Discussion in 'Shooting Gear and Storage' started by White Horseradish, Feb 16, 2006.

  1. White Horseradish

    White Horseradish Well-Known Member

    So I picked up the said holster for my 1911. I know, I know. Blasphemy. Unfortunately, I can't really afford a nice leather holster now.

    The holster came with a little baggie with two nuts and a plasic piece. I can't find anything in the instructions about them. What are they for? Nuts could be spares, but what is the plastic thingy (it's got two holes, a round and an oblong one) supposed to do?
  2. kage genin

    kage genin Well-Known Member

    Can't be sure without pictures, but I believe the extra piece is to change the cant of the holster to a forward-canted for "FBI Carry"
  3. Black Majik

    Black Majik Well-Known Member

    Could also be for adjusting retention?
  4. Kor

    Kor Well-Known Member

    If you're still wondering...

    I've got the same holster for my Springfield XD9, and the wedge is for adjusting the camber, i.e. how far out the gun butt tilts away from your body. The extra bolts are not spares per se, but are slightly longer than the standard bolts that are installed at the factory, and are to be used if you install the cambering wedge.

    There weren't any directions for this thing in my packaging, I just figured it out by myself. If you want the gun butt to angle out from your body, unbolt the holster from the paddle and install the wedge with the new bolts, thick side up. If you want the butt tighter in to your side, install the wedge thin side up. The curved hole allows you to make fine adjustments to the degree of camber by sliding it up and down, while pivoting around the bolt in the round hole; you can also vary the adjustment by installing the wedge with the curved hole towards the front, or towards the back.

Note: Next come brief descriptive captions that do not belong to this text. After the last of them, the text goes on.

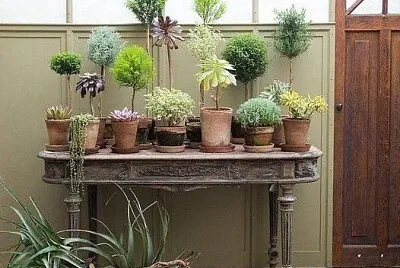 jardín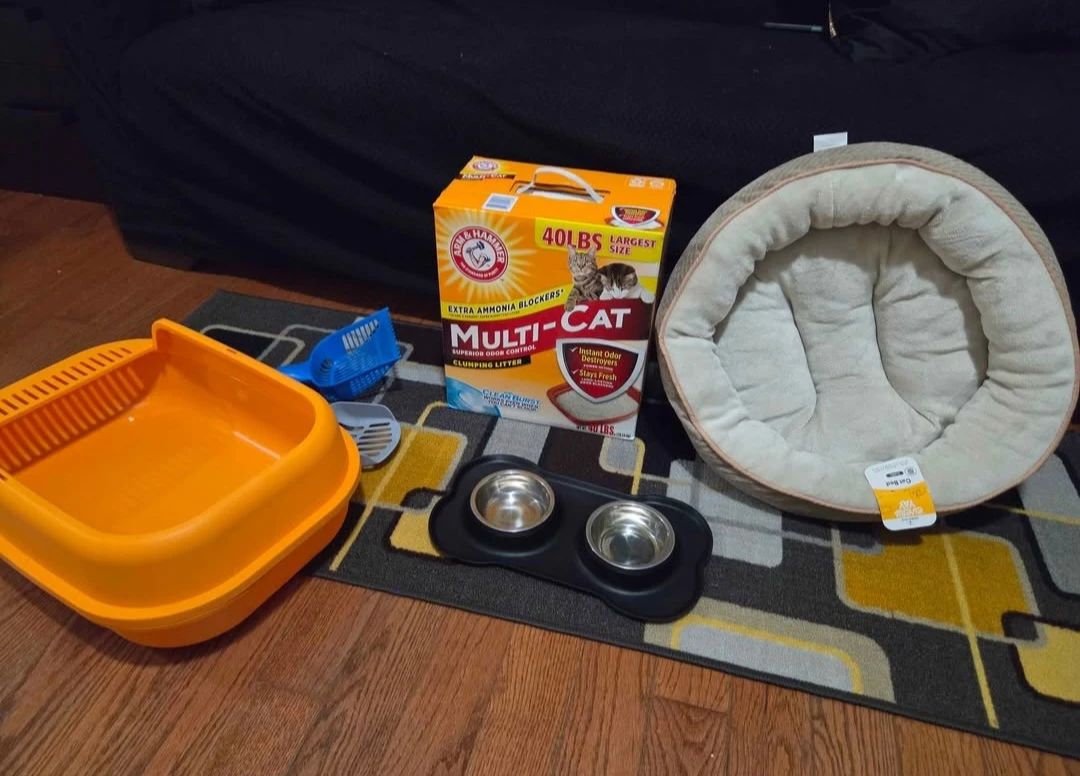 Assorted Cat Supplies Bundle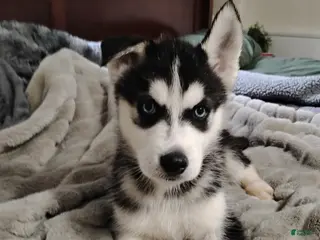 Siberian Husky dogs Oreo - Ad 34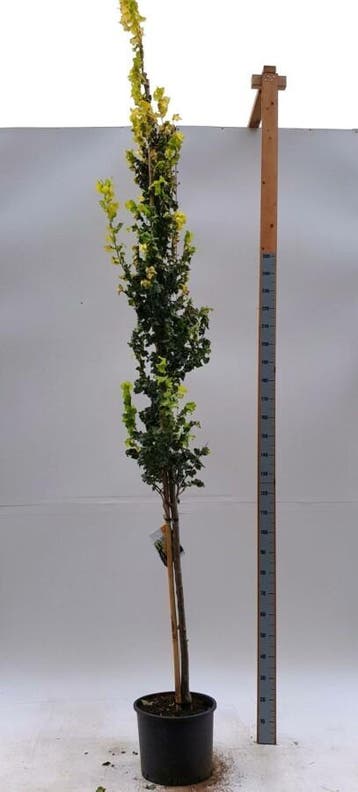 Ulmus x hollandica Wredei hoogstam 20/25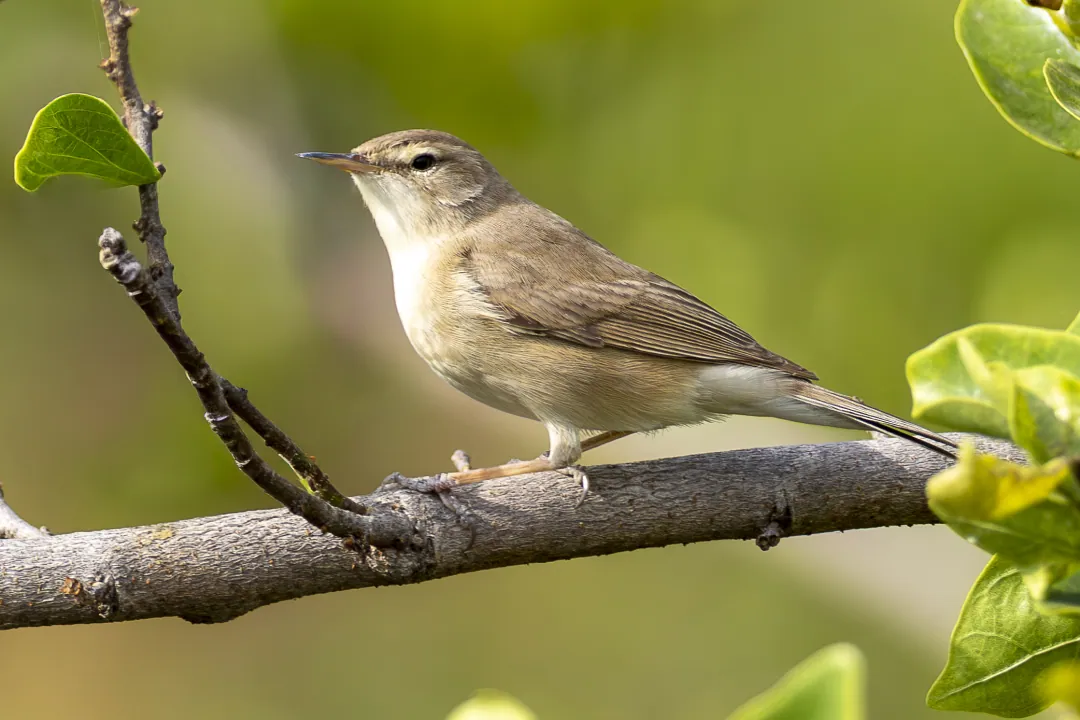 A small warbler on a branch among fresh leaves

    Why use the wedge? Mostly, I think, for ladies with "hourglass" figures that actually cause the gun butt to slant inwards as the holster rides along the outside of their hip; they need to install the wedge so that they can get enough space between the gun butt and their side to allow the thumb in and attain a full firing grip when drawing the gun. You might also want the extra adjustment if you want to use the holster as a poor man's IPSC rig.